Figure 5 : Schematic of the iterative optimization in variational Bayes’ algorithm
Here is where things get a little complicated mathematically. Actually, what happens under the hood of the variational Bayesian algorithm is that KL divergence is minimized by actually maximizing another quantity. After a bit of mathematical manipulation,we can express model evidence as a sum of two quantities
Model evidence = L + KL divergence (q(𝛳), p(𝛳| y, m))
Since KL divergence is always greater than or equal to 0 (it is zero when q(𝛳) = p(𝛳| y, m)), model evidence > L. This term L is known as evidence lower bound (ELBO) (also known as negative variational free energy), as it is indeed the lower bound of the model evidence. When we try to maximize the ELBO , we are in turn minimizing the KL divergence, with the best case of KL divergence being equal to zero!
So those were the two important steps in DCM in a nutshell. In the next blogpost, we will look at how Bayesian model selection (i.e., choosing the best models given a set of candidate models) is performed in DCM, along with some applications to EEG data.
 Kiebel, S.J., Garrido, M.I., Moran, R., Chen, C.-C. and Friston, K.J. (2009), Dynamic causal modeling for EEG and MEG. Hum. Brain Mapp., 30: 1866-1876. https://doi.org/10.1002/hbm.20775
 Jansen, B.H. & Rit, V.G. (1995) Electroencephalogram and visual evoked potential generation in a mathematical model of coupled cortical columns.Biol. Cybern., 73, 357±366.

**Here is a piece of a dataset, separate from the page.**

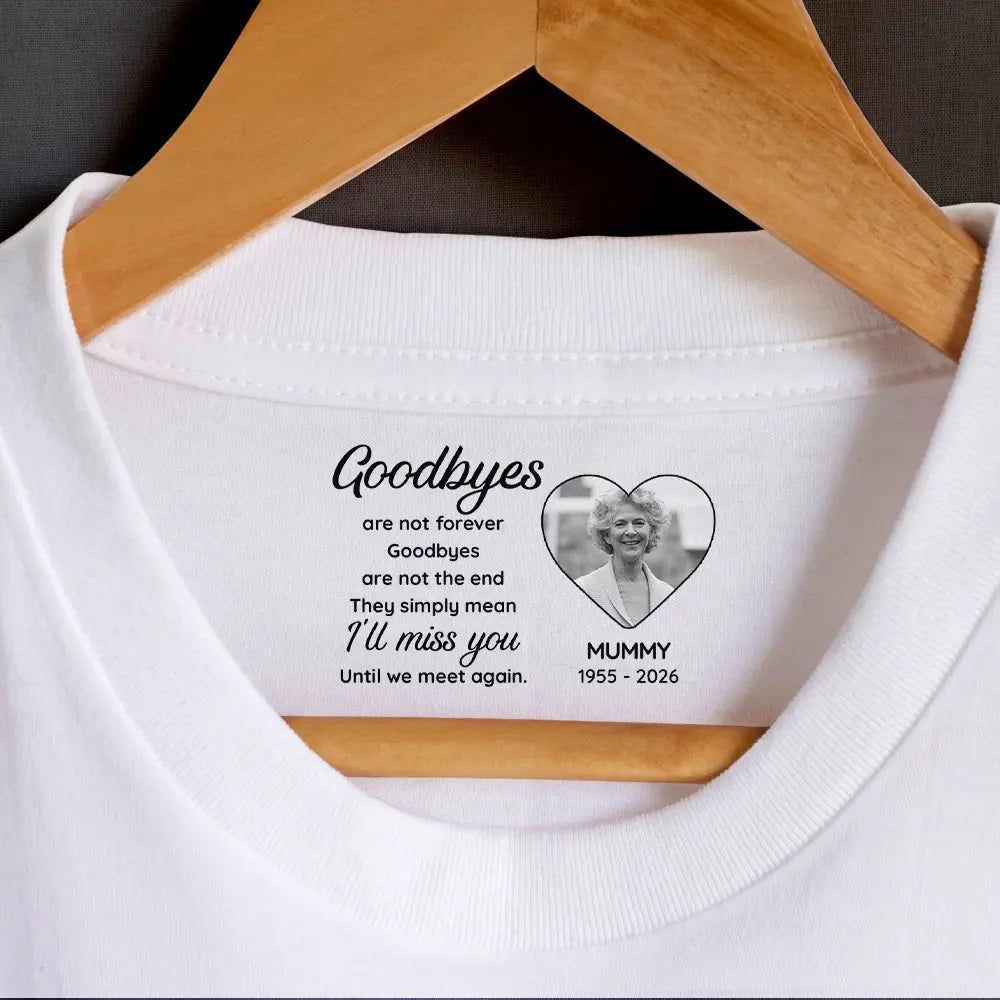 Custom Photo Goodbyes Are Not Forever - Personalized T Shirt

 Wendling, F., et al. “Epileptic fast activity can be explained by a model of impaired GABAergic dendritic inhibition.” European Journal of Neuroscience 15.9 (2002): 1499-1508.
 Wendling, F., and P. Chauvel. “Transition to ictal activity in temporal lobe epilepsy: insights from macroscopic models.” Computational neuroscience in epilepsy. Academic Press, 2008. 356-XIV.
 Blei, D. M., Kucukelbir, A., & McAuliffe, J. D. (2017). Variational inference: A review for statisticians. Journal of the American Statistical Association, 112(518), 859–877.